Pan, the god of Arcadia, was also desperately in love with the nymph Syrinx, the most beautiful of the Naiads. Fleeing his embrace with the help of her sisters, she was transformed into a reed. From this, the god Pan fashioned his pipe. Therefore, a certain scholar, alluding to this, sang: "The kisses that Syrinx so stubbornly denied to the Arcadian Pan became her flute."

Some report that Mercury used this pipe to lull Argus into sleep with its sweet sound so that he could then kill him. Regarding the transformation of Syrinx, Ovid says: "She prayed to her sisters of the stream to transform her; and when Pan thought he had already caught Syrinx, he held marsh reeds instead of the nymph’s body."

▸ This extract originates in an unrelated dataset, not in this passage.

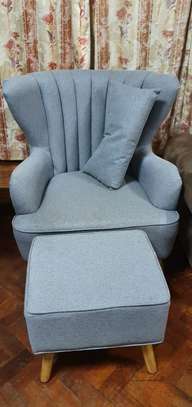 Sofa with stool image 1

After Argus was transformed into a peacock, Io, driven by furies, wandered the entire world until she finally reached Egypt. There, Juno's anger was appeased; Io shed her bovine shape and regained her original form, eventually taking the name of the goddess Isis. "Once the goddess was softened, she regained her former features, becoming what she was before," and so on.

From her was born Epaphus, who grew up to be very much like Phaethon, the son of Apollo and Clymene. Phaethon took it hard when Epaphus boasted of being Apollo’s son because of their resemblance. To better display the nobility of his lineage, Phaethon went to his father’s house and obtained permission to drive the chariot of the Sun, drawn by four horses named Pyrous, Eous, Aethon, and Phlegon. When Phaethon climbed into the chariot, the horses, startled by an unfamiliar driver, headed for the lowest part of the world, and thus the entire globe seemed to catch fire. Moved by human prayers, Jupiter struck Phaethon down into the River Po for his boyish audacity.

Because of this, the Heliades—nymphs and sisters of Phaethon—mourned their brother's fall. As they searched for his body in the river, the gods took pity on them and transformed them into poplar trees, while their tears turned into drops of amber. Regarding this transformation, Ovid sings: "...bark encloses their waists, and by degrees it surrounds their bellies, breasts, shoulders, and hands," and so on.

Present at this transformation was Cycnus, son of Sthenelus and King of Liguria, who was joined to Phaethon by maternal blood and great friendship. Grieving on the banks of the Po for the unhappy fate of his friend and kinsman, he eventually flew away as a bird of his own name—the swan. This bird, recoiling from fire, dwells around marshes and pools, emitting a mournful song.